West Liberty University received a $65,000 grant from the Claude Worthington Benedum Foundation recently to fund an entrepreneurship program.
“We are very grateful to the Benedum Foundation for funding the first cohort. This certificate brings together educators and entrepreneurship in a way that will benefit West Virginia students and build our future,” said Dr. Carrie White, associate professor of business and director of the Center for Entrepreneurship.
WLU’s Center for Entrepreneurship partnered with the College of Education to develop the new graduate certificate program.
The Graduate Entrepreneurship Certificate Program is projected to begin this summer and run from May-August, 2013, pending approval from the Higher Learning Commission, a Commission of the North Central Association of Colleges and Schools. The 15 credit-hour certification will be completed entirely online.

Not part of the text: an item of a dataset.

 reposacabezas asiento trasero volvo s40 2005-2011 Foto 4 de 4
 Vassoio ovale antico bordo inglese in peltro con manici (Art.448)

The 15 hours of masters level courses also are part of the Master of Arts in Education degree in the College of Education. Any student wishing to complete the master’s degree may use these credits towards that degree.
The certification is tailored to the interests and schedules of West Virginia K-12 teachers who aim to introduce entrepreneurship studies into their classes. For the first cohort of 10 graduate students, tuition and fees will be paid for through a grant from the Benedum Foundation.
In consideration of this grant, West Liberty University Center for Entrepreneurship, will measure the outcomes of entrepreneurship education in the classroom. In the fall semester of 2013, undergraduate students and a faculty member from West Liberty University will visit participating teachers’ classrooms in an effort to observe and evaluate the incorporation of entrepreneurship education into the lessons.
The entrepreneurship program at WLU is part of the Gary E. West College of Business. It operates with a vision of developing job creators instead of job seekers and is designed to provide students across educational disciplines the practical classroom and experiential-based entrepreneurship instruction necessary to pursue a career as an entrepreneur, or to work more creatively within a larger business.
Michael and Sarah Benedum named the Foundation in memory of their only child, Claude Worthington Benedum, who died in 1918 at age 20. In creating the Foundation in 1944, the Benedums expressed the wish that grantmaking be focused in West Virginia and Pittsburgh, their native and adopted homes. The Foundation has authorized grants totaling over $380,000,000.